Goddess of the Hunt (The Wanton Dairymaid Trilogy #1)

She tried. She fought them with every ounce of her will, but she couldn’t stop them. It was too much. Too many emotions battled inside her—relief, frustration, desire, anger, joy—churning in that dark confusion of her mind. And then in one bright moment, they were all swept away in a wave of exquisite pleasure. Followed by that flood, that same strange, powerful deluge she’d experienced the first time they’d made love. A roaring tide of emotion that surged from her heart and swept through her body—and this time, it overflowed.

Oh, and they were terrible, the tears. So wet and messy. So helpless and weak. No dainty, ladylike tears, these. No slow, trickling drops of emotion punctuated by a delicate sniff. Lucy’s eyes spilled buckets, and her nose ran. Her shoulders shook, and her chest heaved. She pressed her hands to her face, to no avail. There were eight years’ worth of tears inside her, and she’d been strong enough to store them away one sniffle at a time. But damming all of them at once—impossible.

“Lucy.” His voice sounded muffled, far away. “My God, Lucy. What is it?”

Even if she knew what to tell him, she couldn’t have managed to speak. She could scarcely catch her breath. Sobs racked her body, and hot tears spilled through her fingers, channeling down to her ears. He withdrew from her gently and rolled away, and she cried even harder, bereft of his warmth and strength. Feeling empty and hollow and cold. She curled away from him onto her side, hugging her knees to her chest.

“Don’t cry, Lucy. I can’t bear it.” His anguished whisper tore at her heart. Strong fingers smoothed her hair, but she shrank from his touch. And she hated herself for pulling away, but she couldn’t help it. She was too exposed, too raw, and even the most tender caress rasped against her skin. “I’m so sorry,” he said. “I’ll do anything. Don’t cry.”

He’d do anything, he said. But he’d already done too much. He’d made her love him so completely, the love would not be contained. He’d breached every last one of her defenses, and now there was nothing left to keep him out. Nothing left to hold back the tears.

And these tears, they were everything Lucy had tried so hard, for so long to avoid. Vulnerability. Helplessness. She couldn’t stop herself from crying any more than she could keep herself from loving him—and what he did, with the tears or the love, was completely beyond her control. She was down on the floor, curled into a ball, sobbing into her hands. Defenseless and weak and utterly at his mercy.
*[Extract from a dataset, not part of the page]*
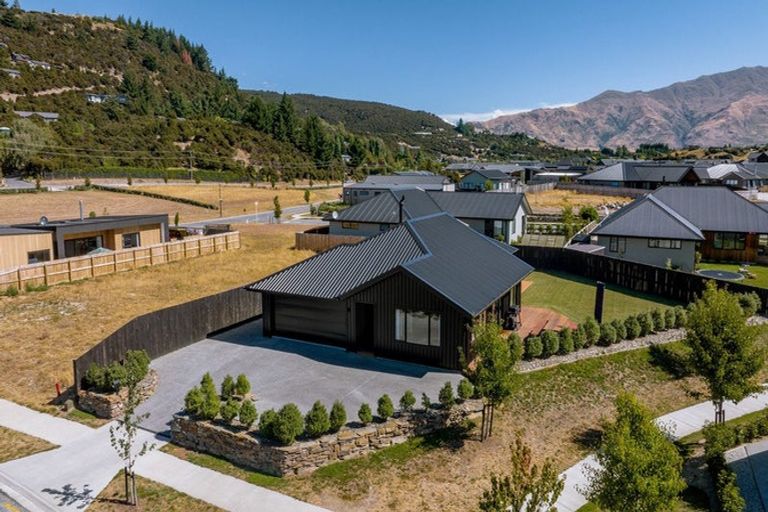 Photo of property in 5 Tahi Street, Albert Town, Wanaka, 9305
And then he confirmed what she’d always known. Nothing good ever came of tears. Quietly, wordlessly, he rose to his feet and left her.

He left her all alone.

Jeremy had to leave. It was a matter of self-preservation.
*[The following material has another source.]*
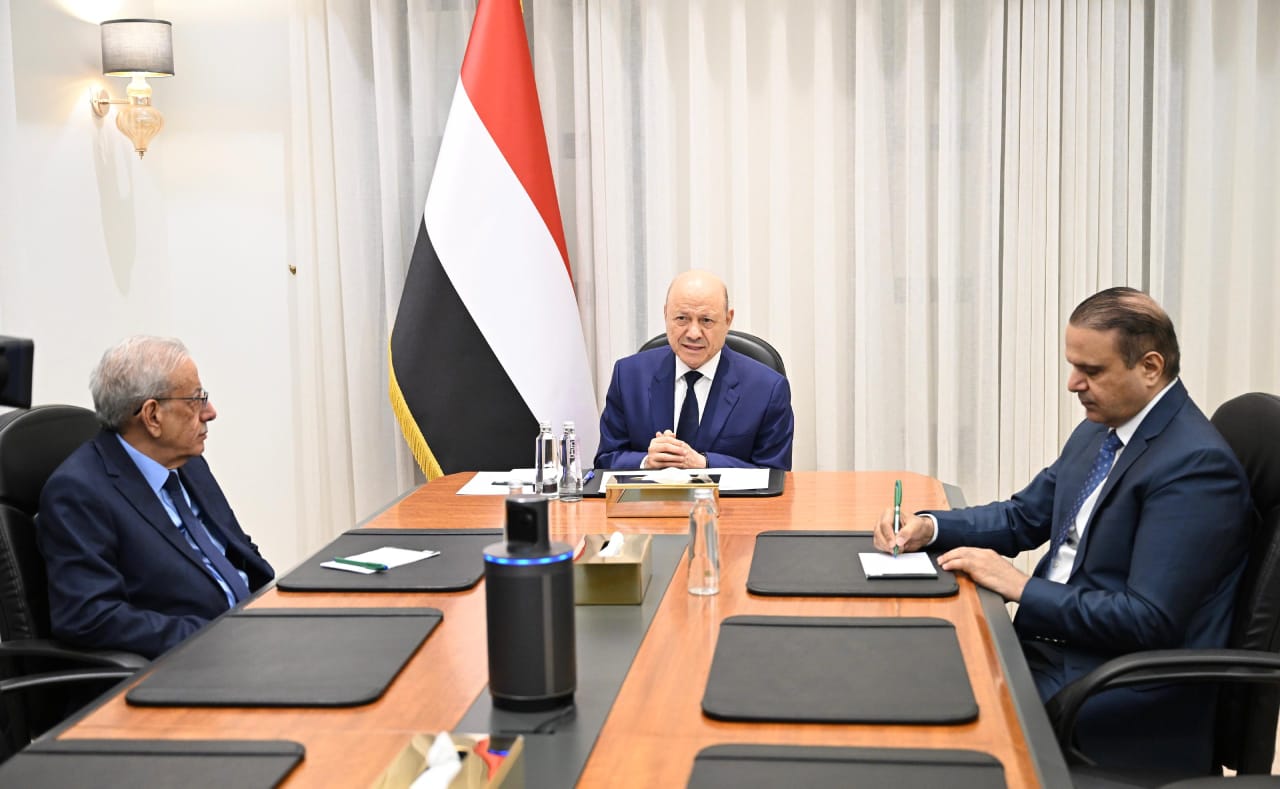 العليمي يوجه البعثات الدبلوماسية إلى تفكيك السردية الحوثية في المحافل الدولية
He stormed through his antechamber and into the sanctuary of his bedroom, barely managing to slam the door shut before crumpling against it.

A stronger man would have stayed—would have gathered her into his arms and held her tight and kissed the tears away. But he wasn’t a strong man at that moment, in his heart. When Lucy shrank from him and wept, twenty-one years of strength peeled away, leaving only a vulnerable boy. An eight-year-old boy who’d witnessed the sudden, violent death of his brother. A confused, grieving child who needed a mother’s comfort, but found only tears. Tears that poured salt and shame over raw, open wounds.

And it hurt. God, did it hurt.

Jeremy slammed his fist against the door, once. Twice. But the pain splintering through his bloodied knuckles did nothing to dull the agony twisting in his chest.

How many years had it taken, before he could enter a room without his mother weeping? How many times did she turn from him in tears, begging his nursemaid or tutor to take him away? Take him out of her sight, because she couldn’t look at him without seeing Thomas.

Thomas was the fortunate son.

Thomas would never feel this gnawing visceral agony, knowing his very existence caused heartache and pain. Knowing that when she looked at him, she saw only someone he wasn’t. Someone he could never replace. What was a boy to do, when a simple word or a laugh dropped into the air so innocently could land in a deluge of bitter tears?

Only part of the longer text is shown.